Là, j’ai commencé à douter salement des bienfaits de la modernité matérialiste dématérialisée et je me suis souvenue que tout ce merdier, c’était quand même essentiellement pour tracer mes habitudes de consommation, les archiver, les disséquer, les vendre et les revendre à des tas de compagnies assez dématérialisées, elles aussi — surtout en droits sociaux — qui vont me pourrir la vie à me démarcher au téléphone pour des vérandas au Pôle Nord et que le bon d’achat est finalement un bien maigre dédommagement pour tous ces désagréments.

J’ai donc désinstallé l’appli Carrefour et libéré ainsi bien plus que de l’espace disque.

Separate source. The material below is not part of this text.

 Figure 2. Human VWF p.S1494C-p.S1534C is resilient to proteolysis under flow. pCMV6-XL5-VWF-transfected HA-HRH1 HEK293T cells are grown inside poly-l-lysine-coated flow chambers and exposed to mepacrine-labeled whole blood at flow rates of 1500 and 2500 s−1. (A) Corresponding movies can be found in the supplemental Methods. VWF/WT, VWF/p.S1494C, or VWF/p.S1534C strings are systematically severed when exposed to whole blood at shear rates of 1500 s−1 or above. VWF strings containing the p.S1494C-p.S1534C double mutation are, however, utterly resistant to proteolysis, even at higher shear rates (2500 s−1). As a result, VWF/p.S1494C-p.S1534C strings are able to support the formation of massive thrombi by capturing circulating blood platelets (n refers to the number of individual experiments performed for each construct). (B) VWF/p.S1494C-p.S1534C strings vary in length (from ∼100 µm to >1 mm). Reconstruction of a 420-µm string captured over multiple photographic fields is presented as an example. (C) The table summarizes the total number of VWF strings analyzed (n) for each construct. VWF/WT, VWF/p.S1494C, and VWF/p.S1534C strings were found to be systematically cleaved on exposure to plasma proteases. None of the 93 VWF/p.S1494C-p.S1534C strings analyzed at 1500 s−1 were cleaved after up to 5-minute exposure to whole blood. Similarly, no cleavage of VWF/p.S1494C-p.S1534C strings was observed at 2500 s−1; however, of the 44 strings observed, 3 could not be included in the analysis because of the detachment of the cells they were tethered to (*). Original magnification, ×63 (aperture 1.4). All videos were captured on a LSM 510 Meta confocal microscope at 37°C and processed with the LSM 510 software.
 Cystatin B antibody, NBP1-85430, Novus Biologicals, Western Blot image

Chez Décathlon, c’est un peu pareil. Ils ont lancé une jolie application mobile qui a dématérialisé tout le programme de fidélité et quelques caissières, aussi, en passant. Sauf que leurs scanners sont du genre à ne pas vouloir scanner les écrans de portable. C’est parfois tellement tonifiant, le progrès, surtout quand on s’escrime seule devant un écran vaguement tactile à rentrer à la main un foutu bon d’achat de 23 chiffres dans une interface manifestement pas prévue pour ça ! Et c’est tellement mieux quand ça tombe un samedi et qu’il y a toute l’équipe de rugby du coin derrière moi qui se racle la gorge et se contracte les scrotums en attendant son tour. Sans compter la température purement apocalyptique des grandes surfaces en tôle ondulée surchauffées l’hiver et congelées l’été avec une amplitude à mettre à genou au moins trois centrales nucléaires.

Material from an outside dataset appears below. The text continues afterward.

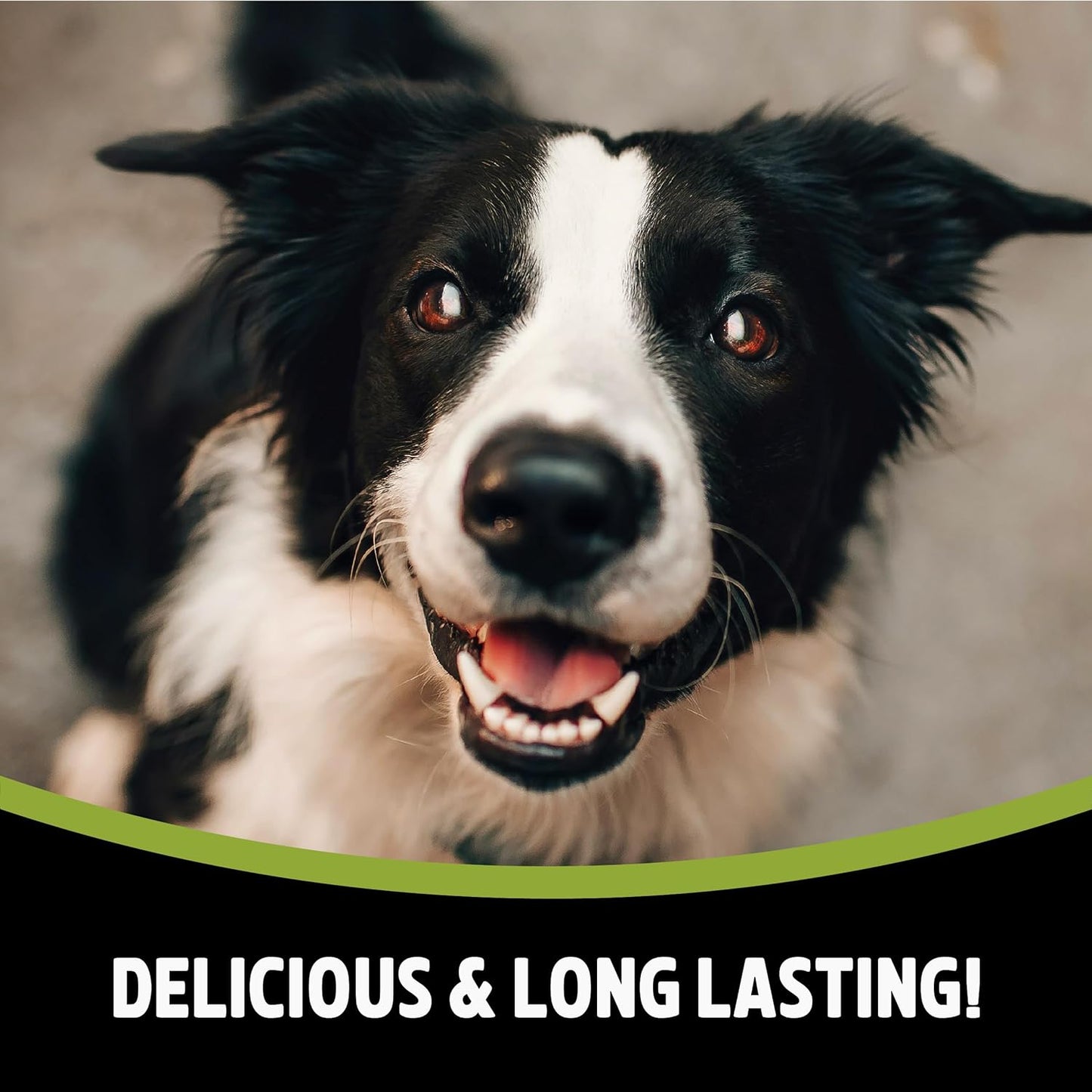 Medium Chewy Bones for Dogs - Made with Duck, Grain Free Chews, High Protein Dog Treats, by Pets Unlimited (2Pc, 80G)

Le moment est juste arrivé où je me suis vue, dégoulinante et hystérique, tapotant frénétiquement un écran manifestement hostile devant une foule grognante et à bout de patience.

Pathétique.

J’ai juste laissé tomber : la caisse, les trucs dont je n’avais pas tellement besoin, dans le fond, en fait, le bon de réduction qui commençait à bien me coûter, ne serait-ce qu’en estime de soi, et puis tout le reste avec.

J’ai désinstallé l’appli Décathlon.

J’ai regardé ce qui encombrait la mémoire du téléphone et mon temps de cerveau disponible et j’ai tout benné. 

Absolument tout.

Parce que franchement, ça commence à bien faire toutes ces conneries ! 

L’idée même que l’on me donne de l’argent pour que je fasse mes courses aurait dû me faire tiquer depuis longtemps. Mais voilà, l’univers du coupon, de la réduction, de la bonne affaire, de la promo éclair et de la carte de fidélité nous pousse sans cesse à la faute financière tout en nous faisant croire qu’on est quand même vachement rusés de leur soutirer toutes ces miettes d’argent qui ne leur coûte probablement pas grand-chose de plus qu’un tour de table humiliant supplémentaire pour pressurer les fournisseurs ou un appel d’offre encore plus radin pour inciter les sous-traitants à toujours plus maltraiter ceux qui fabriquent comme des esclaves des tas d’objets merdiques dont nous n’avons, en réalité, absolument pas besoin.

En fait, je vais travailler ma fidélité toute seule, comme une grande et comme une antiquité prémoderne. Je vais continuer à aller chez Émilie, la maraîchère de Maulichère, avec ses petits légumes qu’elle sort elle-même de la terre ocre de Gascogne. On va se raconter des histoires du coin, parler du temps qu’il fait, s’échanger deux recettes et se saluer d’un sourire en attendant la semaine prochaine.